Start of Provided data

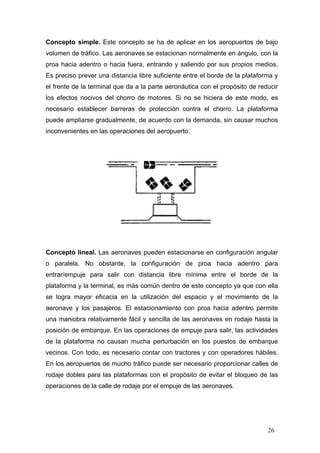 Concepto simple. Este concepto se ha de aplicar en los aeropuertos de bajo
volumen de tráfico. Las aeronaves se estacionan normalmente en ángulo, con la
proa hacia adentro o hacia fuera, entrando y saliendo por sus propios medios.
Es preciso prever una distancia libre suficiente entre el borde de la plataforma y
el frente de la terminal que da a la parte aeronáutica con el propósito de reducir
los efectos nocivos del chorro de motores. Si no se hiciera de este modo, es
necesario establecer barreras de protección contra el chorro. La plataforma
puede ampliarse gradualmente, de acuerdo con la demanda, sin causar muchos
inconvenientes en las operaciones del aeropuerto.

Concepto lineal. Las aeronaves pueden estacionarse en configuración angular
o paralela. No obstante, la configuración de proa hacia adentro para
entrar/empuje para salir con distancia libre mínima entre el borde de la
plataforma y la terminal, es más común dentro de este concepto ya que con ella
se logra mayor eficacia en la utilización del espacio y el movimiento de la
aeronave y los pasajeros. El estacionamiento con proa hacia adentro permite
una maniobra relativamente fácil y sencilla de las aeronaves en rodaje hasta la
posición de embarque. En las operaciones de empuje para salir, las actividades
de la plataforma no causan mucha perturbación en los puestos de embarque
vecinos. Con todo, es necesario contar con tractores y con operadores hábiles.
En los aeropuertos de mucho tráfico puede ser necesario proporcionar calles de
rodaje dobles para las plataformas con el propósito de evitar el bloqueo de las
operaciones de la calle de rodaje por el empuje de las aeronaves.

26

End of Provided data

◆ Work request:
Find "los efectos nocivos" in the entries above and copy that whole line exactly, then each line after it through the line that contains "vecinos. Con todo, es".

◆ Task solution:
los efectos nocivos del chorro de motores. Si no se hiciera de este modo, es
necesario establecer barreras de protección contra el chorro. La plataforma
puede ampliarse gradualmente, de acuerdo con la demanda, sin causar muchos
inconvenientes en las operaciones del aeropuerto.

Concepto lineal. Las aeronaves pueden estacionarse en configuración angular
o paralela. No obstante, la configuración de proa hacia adentro para
entrar/empuje para salir con distancia libre mínima entre el borde de la
plataforma y la terminal, es más común dentro de este concepto ya que con ella
se logra mayor eficacia en la utilización del espacio y el movimiento de la
aeronave y los pasajeros. El estacionamiento con proa hacia adentro permite
una maniobra relativamente fácil y sencilla de las aeronaves en rodaje hasta la
posición de embarque. En las operaciones de empuje para salir, las actividades
de la plataforma no causan mucha perturbación en los puestos de embarque
vecinos. Con todo, es necesario contar con tractores y con operadores hábiles.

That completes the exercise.